I have known Steve for a couple of years now and have grown to admire his tirelessness in getting people together to perpetrate music. He performs all over the area, but never grandstands. At present as he is in the Seattle new music scene, it's never about him, it's always about what he's up to.

To introduce himself, Steve sat with his back to the audience, faced an unassuming array of small percussion and, without speaking, spoke in music. After a few lovely minutes he stood and, speaking, demonstrated how difficult it is to explain what probably can not be, exactly, explained. Although I found myself quibbling with the concepts he propounded, I soon realized that what he is attempting to do in music is to mirror a view of the cosmos that has never yielded easily to verbal formulation: that particular view in which the clearest expression is the paradox, and in which there are no useful concepts that aren't bald oxymora - in short, the stance of faith. Despite my quibbles, that is a position I must and do most heartily support.

And of course this standpoint can no more easily be successfully mirrored in musical terms than in verbal. But the attempt is heroic, and at 9+ hours the scale upon which he is attempting it is monumental. The artifacts of Steve's musical quest are full with a broad and moving poignancy. In so fully striving, where success is categorically unobtainable, the particulars of failure form an aesthetic image of intimate clarity.

Saturday, February 5, 2011

Playlist

Recorded

1/30/2011
Violin Concerto - Roger Sessions - Orchestre Philharmonique de l'Office de la Radio diffusion-Television Francais/Gunther Schuller/Paul Zukofsky

Robustly lyrical counterpoint.

Tango - Stravinsky - Noel Lee

tight as tight can make it

Mean To Me - Dizzy Gillespie & Orchestra/Sarah Vaughan

chromatically adept - a perfect picture of transparent subtlety.

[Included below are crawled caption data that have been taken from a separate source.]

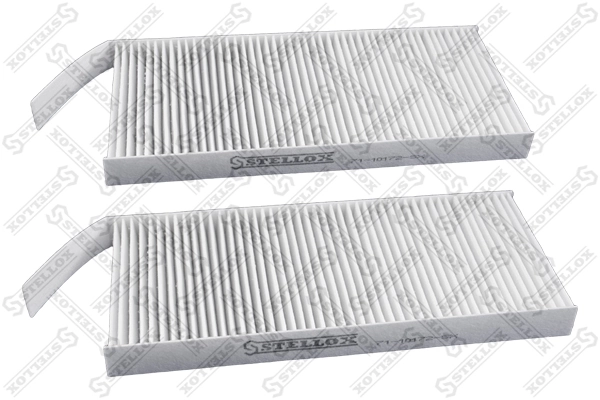 Filter, cabin air 71-10172-SX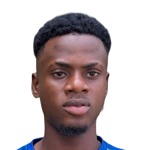 Francky  Ntoutoume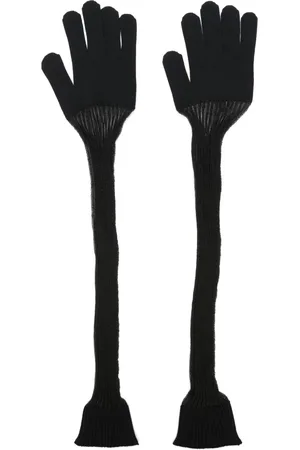 CFCL Transparente Handschuhe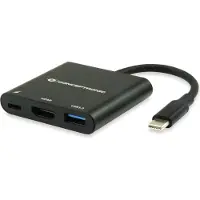 Conceptronic Adattatore Da Usb-c A Hdmi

Symphony #4 - Walter Piston - Seattle SO/Gerard Scwharz

The back ends of these movements sink down into some very interesting holes.

2/1/2011
The Sun Sessions - Elvis Presley

2/3/2/11
Perfidia - The Ventures
Love Is Strange (album) - Mickey & Sylvia

It is difficult to imagine a modern engineer allowing such a completely integrated sound, where every sound bleeds into every other. This pair was complete dynamite. The songs as songs vary in quality but the chemistry makes it impossible to really dislike anything about it.

Japan - Stockhausen

Live

1/29/2011
The Barber of Seville - Rossini - Seattle Opera/Dean Williamson - at McCaw Hall, Seattle

A wee bit of disclosure: Dean and I were high-school classmates, and used to play piano duets together (I remember mostly Ravel & Brahms). Since he is a foot or more taller than I am it was quite a sight.

A light farce, amazingly enjoyable after all these years. I had forgotten how few women's voices there are in the show. It portrays a society of men, in which women must scheme like the dickens to get what they want. This subversion is shared with Le Nozze de Figaro, although that story has subversion to spare.